Referring to the ongoing uprising in Iran, Falahatpisheh said, the United States and Europe assume that the protests have weakened Iran's bargaining power. That is why they pretend that they do not need to continue negotiations. On the other hand, the positions of anti-JCPOA political figures in Iran contribute to the Western apathy for more talks.
"Under the current situation, it is better for those who always opposed the JCPOA to stop further weakening Iran's diplomacy by commenting on the issue," Falahatpisheh said. He added that "Iran should change its nuclear negotiators and get rid of those who go to the negotiations to disrupt previous agreements rather than reaching a deal."
Falahatpisheh’s was clearly referring to Ali Bagheri-Kani, the chief Iranian negotiator, who is a protégé of Saeed Jalili, a hardliner anti-West ideologue.
In another development, Jalili, one of the staunch opponents of an agreement with the United States, has accused former President Hassan Rouhani of “tying Iran economic development to the JCPOA” and contributing to the current crisis. Jalili and other hardliners know that they being blames for the continuation of US sanctions by preventing a nuclear deal and are twisting facts to blame others.
Jalili, who is Supreme Leader Ali Khamenei's representative to Iran's Supreme National Security Council, further charged that "the enemy started instigating major protests in Iran and began to make Iran insecure after it found out that its immense pressure on the country's economy will not work." He called the JCPOA "an imaginary" achievement for the previous government.

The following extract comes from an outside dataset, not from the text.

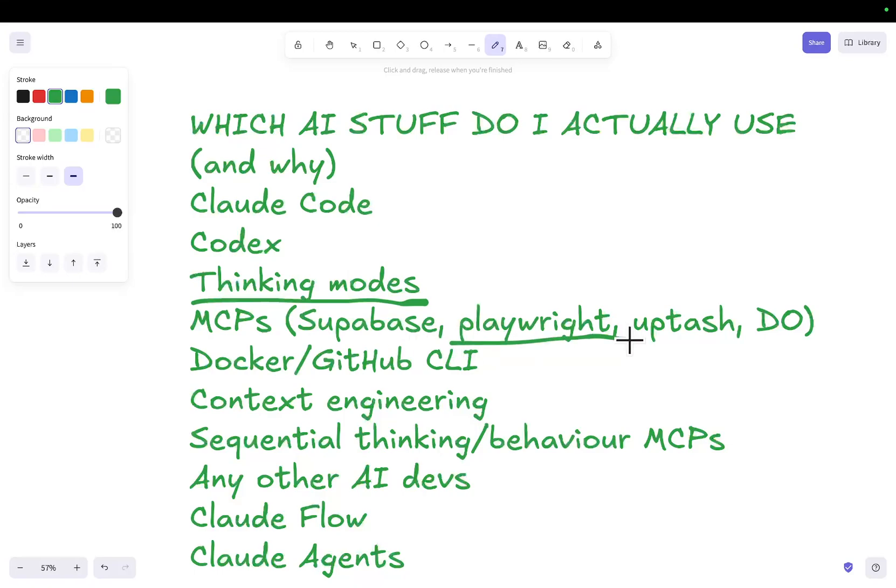I also use the Playwright MCP a lot because it's good at showing browser logs and code to give context to Claude Code or Codex. I use the Upstash MCP because I use Redis. And probably the only MCP I would really highly recommend is DigitalOcean, because if you're struggling to push projects to actual live websites, the DigitalOcean MCP will do this for you immediately.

Meanwhile, hardline lawmaker Ahmad Rastineh advised Iran's President Ebrahim Raisi to "escape the trap of the JCPOA," and called the 2015 nuclear deal "A deceit by the United States."
Repeating a fallacy Iranian ultraconservatives have been trumpeting about the US allegedly sanctioning the export of medicines to Iran, Rastineh said: "When they sanction medicine sales to Iran, how can we expect them to recognize the rights of this oppressed nation." The lawmaker's comment is contrary to Iranian officials' statements denying US sanctions on medicine.
Rastineh charged, "every time US officials talk about starting or stopping the negotiations, in fact, they wish to disrupt Iran's economy and hurt its currency."
In fact, economists and even many regime insiders say that in the absence of an agreement with the West people are sending tens of billions of dollars abroad and no one is investing in the economy.